New Beach Boys Copyright Extension Releases

It’s the most wonderful time of the year… the time when the Beach Boys’ vaults open, and we get digital copyright-extension releases!

For those who are unaware, a few years ago the EU changed its copyright rules surrounding audio recordings. Where up until the end of 2012 recordings went out of copyright after fifty years, from 2013 on (entirely coincidentally, I’m sure, the fiftieth anniversary of the Beatles’ first LP) that was extended to seventy years — but with a “lose it or use it” provision. Any recordings which don’t get publicly released by the end of the fiftieth calendar year after they were recorded get released into the public domain.

Now, I’m utterly against this extension of copyright, but one fortunate side-effect has been that every year since then the Beach Boys have put out at least one, usually multiple, digital-only releases of archive material in December, as well as physical media releases (usually during the summer) like 2015’s The Beach Boys Party! Live and Unplugged, last year’s revamped Pet Sounds box set, and this year’s 1967: Sunshine Tomorrow.

This year we have an absolute cornucopia. Following on 1967: Sunshine Tomorrow, which I reviewed at the time, we have 1967: Sunshine Tomorrow 2 — The Studio Sessions and the massive 1967: Live Sunshine. And in Britain, we also finally have the release of last year’s set, Graduation Day: Live in Michigan, which accidentally didn’t get a UK release when it was released elsewhere.

To start with the least interesting of these, Graduation Day is a nice release of two widely-booted shows from 1966, both of them half an hour long. The band, without Brian (except on the last song, a cover of “Johnny B Goode” — he’d flown in to coach the band through their rehearsals of new song “Good Vibrations”) perform a set consisting almost entirely of their 1965 and 66 hits — the surf and car material is dealt with in a rather perfunctory medley — with very nice versions of “You’re So Good To Me” and “God Only Knows”. Surprisingly, though, the highlight of the shows is Dennis’ solo turn, covering the Beatles’ “You’ve Got to Hide Your Love Away”. It’s a nice set, and the most enjoyable of the many early-60s Beach Boys shows now available thanks to these releases, but nothing massively eye-opening. If you’re looking for fun live versions of “California Girls”, “Good Vibrations”, “God Only Knows” and the rest it’s a perfectly decent option, though.

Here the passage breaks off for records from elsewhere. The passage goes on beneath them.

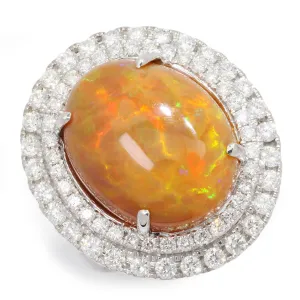 BIG Opal Double-Halo Ring with Diamonds 18K White Gold 10.10ctw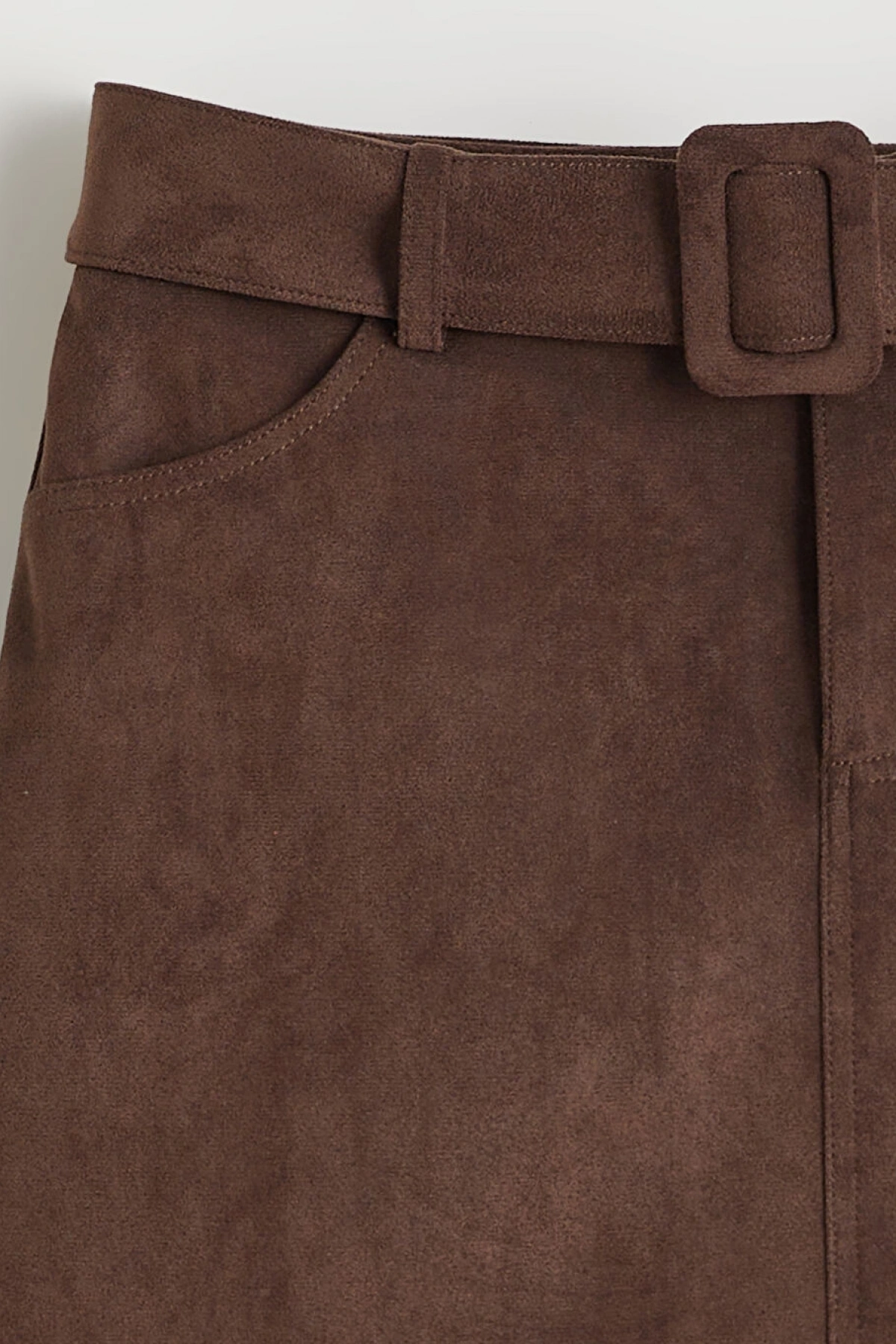 XSIDE Kahverengi Beli Kemerli Süet Görünümlü Mini Etek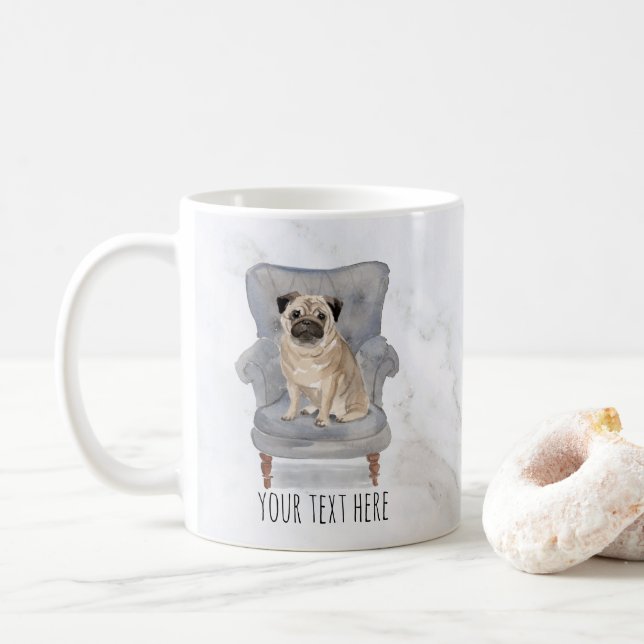 Personalisierte Mops-Umarmung Kaffeetasse (Mit Donut)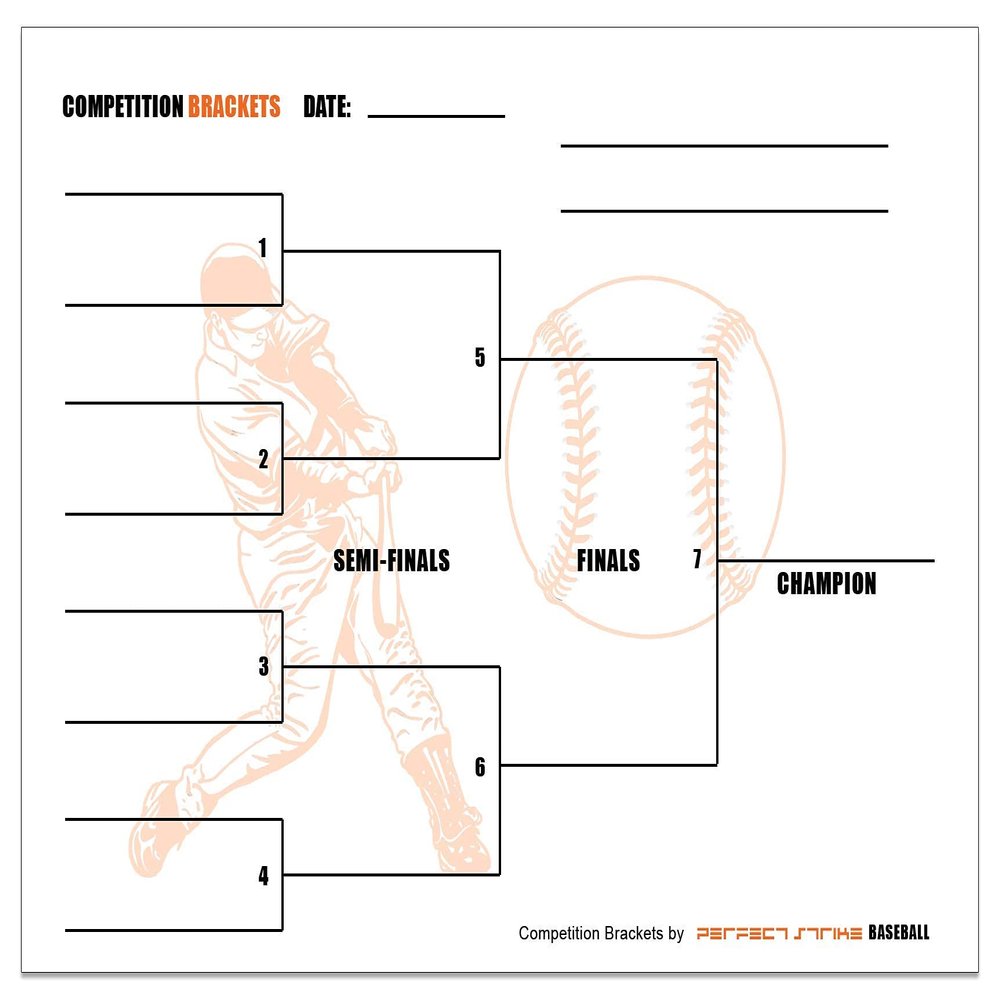 Perfect Strike Baseball Competition Brackets for Team tournaments or Skills competitions. Sheet Brackets for up to 8 participants. (100)
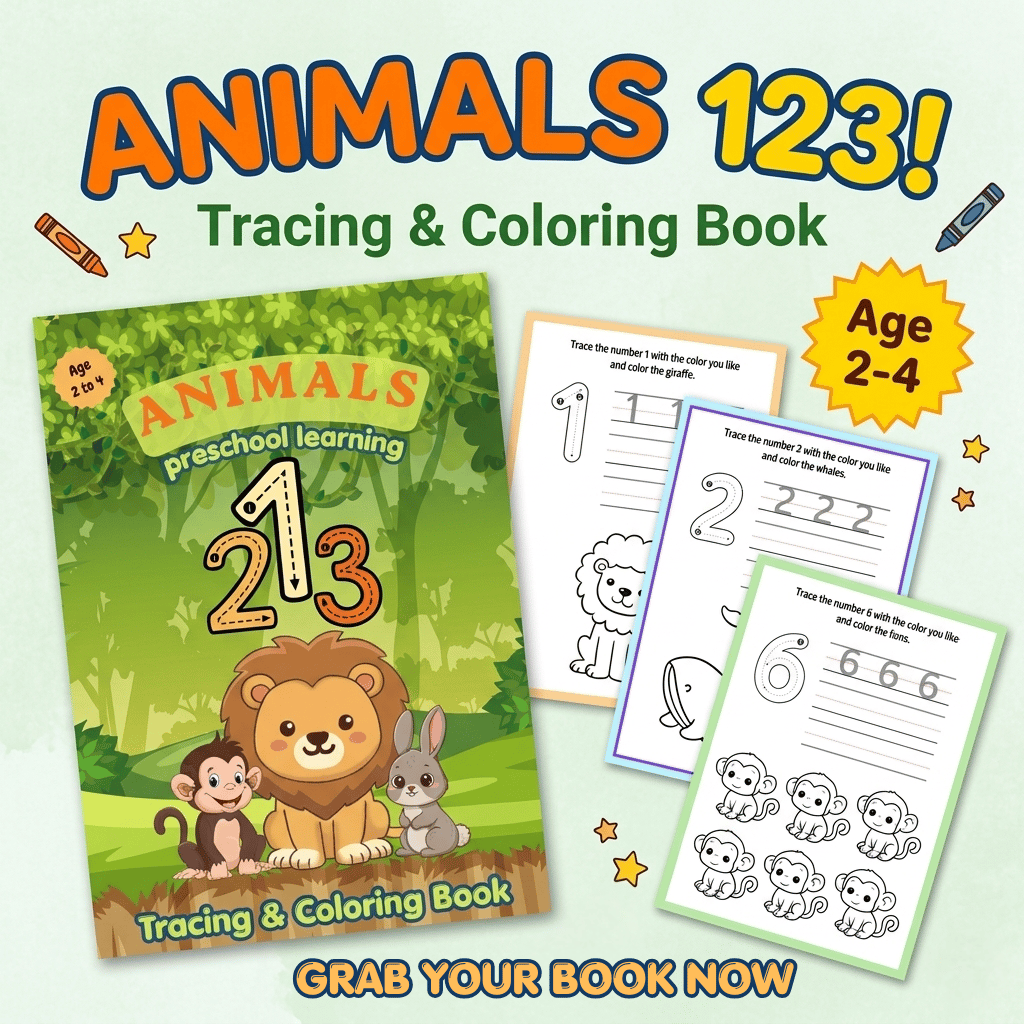 A bright and colorful promotional thumbnail showcasing a digital children's workbook cover titled "ANIMALS 123 Preschool Learning Tracing & Coloring Book" next to three sample printable worksheets featuring number tracing and cute animal coloring pages.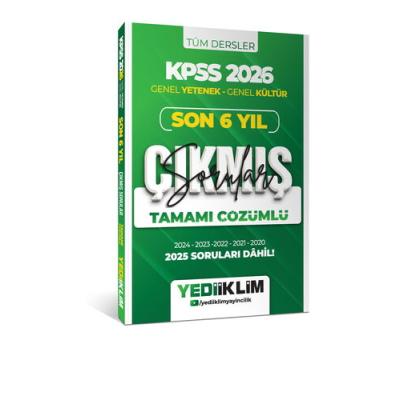 Yediiklim 2026 KPSS Genel Yetenek Genel Kültür Son 6 Yıl Tamamı Çözümlü Çıkmış Sorular 
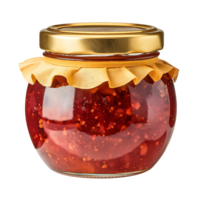 jar of red fruit preserves is a delightful addition to any pantry isolated on transparent background png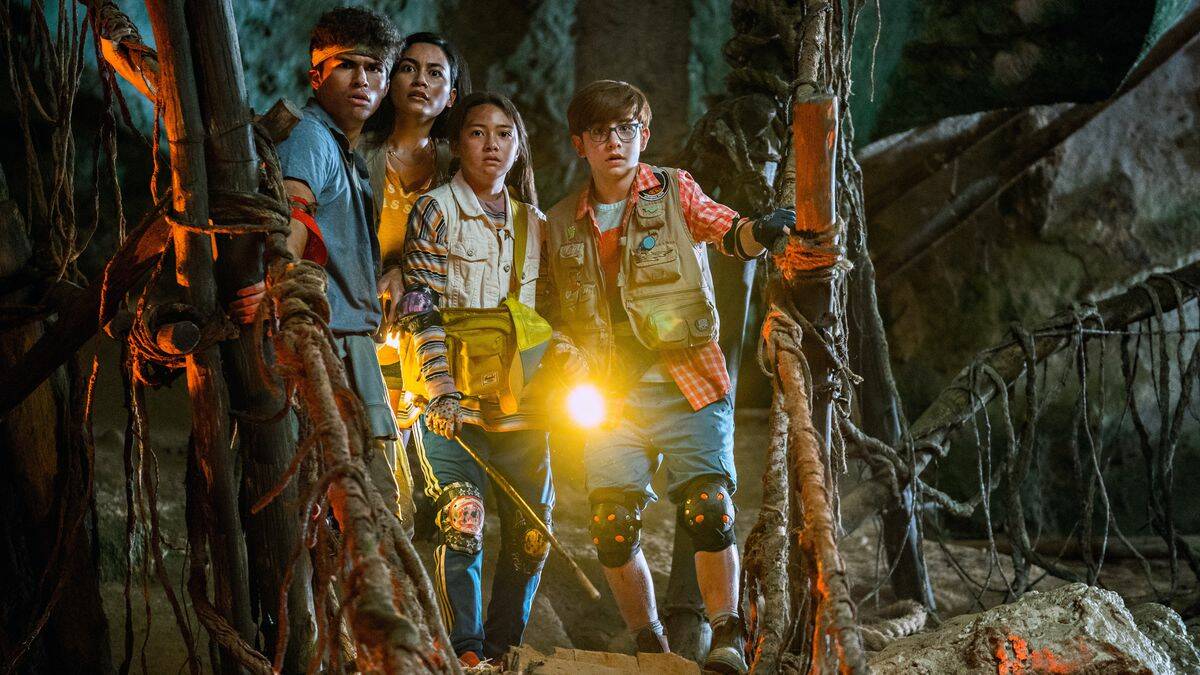 The 80s are back: Alex Aiono, Lindsay Watson, Kea Peahu and Owen Vaccaro star in Netflix's Finding 'Ohana, rated PG, streaming now.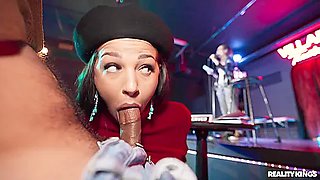 Sneakily Sucks James Angels Black Cock In A Poetry Slam - Evelin Stone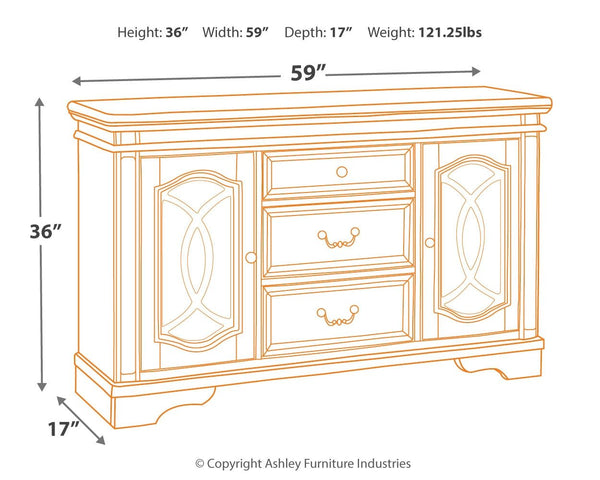 Realyn - Dining Room Server - Chipped White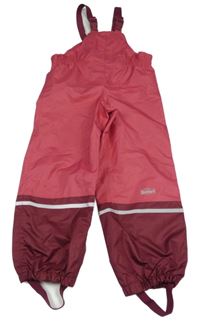 Jahodovo-vínové šusťákové nepromokavé laclové podšité kalhoty Scout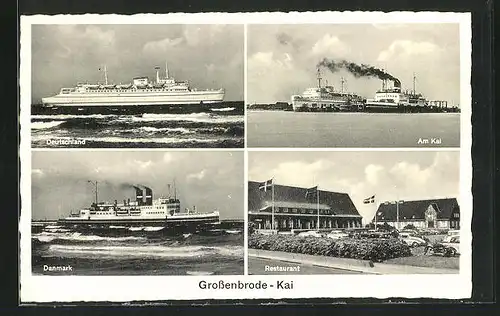 AK Grossenbrode, Dampfer Danmark & Deutschland, Restaurant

Sunshine Tomorrow volume two is much more interesting, though likely much less appealing to the casual listener. Sunshine Tomorrow itself was a double-CD collection of outtakes and alternate mixes from the Beach Boys’ 1967 albums Smiley Smile and Wild Honey, along with their live-in-the-studio album Lei’d In Hawaii. Sunshine Tomorrow volume two is more of the same, which makes it absolutely fascinating for those who, like me, think Smiley Smile is the peak of the Beach Boys’ creativity and arguably of recorded sound itself. This is a minority view, even among Beach Boys fans, and largely one that cuts along generational lines — those who were buying the Beach Boys’ music as it came out mostly think Smiley Smile is worthless crap, while many of us who grew up after punk see it as a masterpiece of minimalist psychedelia and outsider music.

Frankly, for anyone who doesn’t already deeply, obsessively, love the Beach Boys’ 1967 output, Sunshine Tomorrow volume 2 is going to sound like a confusing mess. “Vegetables (track and backing vocals)”, for example, is two minutes of a bass throbbing, with occasional sounds of someone blowing a jug or crunching on carrots — if you don’t actually already know and love the original, it would be hard to describe it even as music (at least until the joyous last few seconds, when there’s an astonishing cascade of backing vocals out of nowhere). And there’s lots more like that — “Good News” (which for a while was a legendary unreleased track that fans built up in their heads into something special) is Al Jardine strumming the chords of a Kingston Trio song on an acoustic guitar for a minute. This is, after all, a collection of the stuff that wasn’t considered good enough to release on a double-CD of outtakes which themselves were from albums that were generally considered disappointing and confusing. If you quite liked “Kokomo” but don’t really know anything else about the Beach Boys, this is absolutely not, in any way, shape, or form, the place to start with the Beach Boys.

But if you do love that strange, ethereal, music that the Beach Boys made in 1967, there’s a lot of stuff here that is absolutely, without reservation, worth getting hold of. The a capella mix of “Heroes and Villains”, while it frustratingly misses parts of the lead vocal that no longer exist on the multitrack master, is possibly the most astonishing vocal performance you’ll ever hear — until you hear this without any of the instruments (other than an organ that leaks in at one point, presumably recorded onto one of the vocal tracks during an overdubbing session, and a small amount of harpsichord that sounds like bleed from their headphones) it’s hard to really comprehend just how much of that track is vocal rather than instrumental, and how much is going on in those vocal parts.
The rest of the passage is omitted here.